During the Flash era, creativity flourished. It was accessible, too. Seven year olds could use it.
Flash was getting better and better. It could have become an open standard had Jobs not murdered it to keep runtimes off iPhone. He was worried about competition. The battery and security issues were technical problems and fully solvable.
The companies that filled the web void - Google and Apple - both had their own selfish reasons not to propose a successor. And they haven't helped anyone else step up to the plate. It would be impossible now.
Imagine if apps for mobile could be deployed via swf. We'd have billions of apps, and you could just tap to download them from the web.

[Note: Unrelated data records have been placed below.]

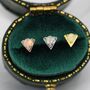 Tiny Opal Triangle Stud Earrings In Sterling Silver, thumbnail 5 of 11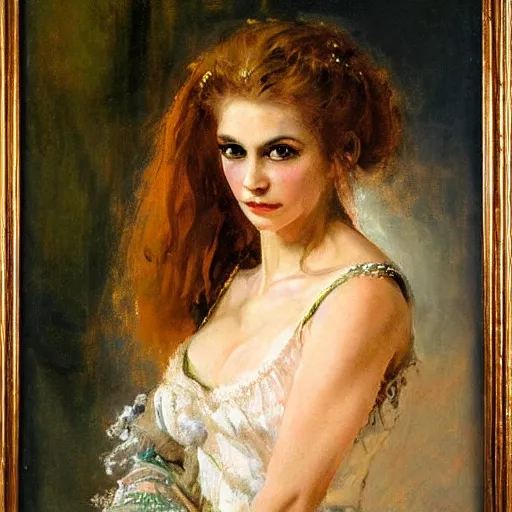 Prompt: portrait of a female demon, by nikolay makovsky.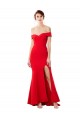 Vermelho Decote Alto Sem Mangas Sereia Vestidos de Madrinha / Vestidos de Festa Online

Smartphones might have pushed us forward, but the app layer held us back.
The 1990s and 2000s web saw what AOL and Microsoft were trying to lock us into and instead opted for open and flexible.
Platformization locked us into hyperscaler rails where they get action on everything we do. This has slowed us down tremendously, and a lot of the free energy and innovation capital of the system goes to taxation.
I second everything except the fact that Adobe was behind Flash, which IMO is what killed it in the first place (with ten years of hindsight, I can say this confidently). I still do creative, non-standard work, but in a free way using pure vanilla JS (using Haxe). Adobe's mistake was keeping the system proprietary instead of letting it be free. Since then, I've left that ecosystem and what a relief!
(I know I'm mixing different levels here, and my personal experience isn't really an argument).
ps: HTML scope is way more advanced than whatever Flash could have been.
> Imagine if apps for mobile could be deployed via swf. We'd have billions of apps, and you could just tap to download them from the web.
No they wouldn't. We've forgotten just how bad and sloppy flash apps were. The handful of companies that used Adobe Flex turned out awful POS that barely worked. It occupied the same space that Electron does today -- bloated, slow, and permitting cheap-ass devs to utilize cheap talent to develop 'apps' with all the finesse of a sledgehammer
As a kid I loved flash, I was making interactive apps in AS2/3 in high school. But I watched in horror as it became the de facto platform for crapware
> The battery and security issues were technical problems and fully solvable.
Seriously? Is that why I ran all my desktop browsers with flashblock even before the iPhone was out?
Dare to tell me Adobe was feverishly working in secret on reducing pointless CPU usage and saving my battery?
The thing is, HTML5 is far more technically capable than Flash ever was. It was competitive even at the time: Flash's main thing was 2D vector graphics, but iOS Safari has supported both Canvas and SVG since at least 2010, possibly from day one.
But the creation tools and the culture never really lined up the same way, and developers focused on creating apps instead.
For non-games, HTML has always been technically superior. iOS Safari may have a long history of rendering bugs, but it beats Flash/AIR, which always looked very out-of-place even on desktop.
I do wonder what would have happened in an alternate universe where either Flash or HTML5 took off on mobile instead of apps. We would have both the upsides of openness, and the downsides of worse performance and platform integration and the lack of an easy payment rail. Pretty much the same situation we still see on desktop today.
We wouldn't have had the same "gold rush" from the early App Store, which happened in large part because of the ease of making money. There would probably be more focus on free stuff with ads, like Android but more so.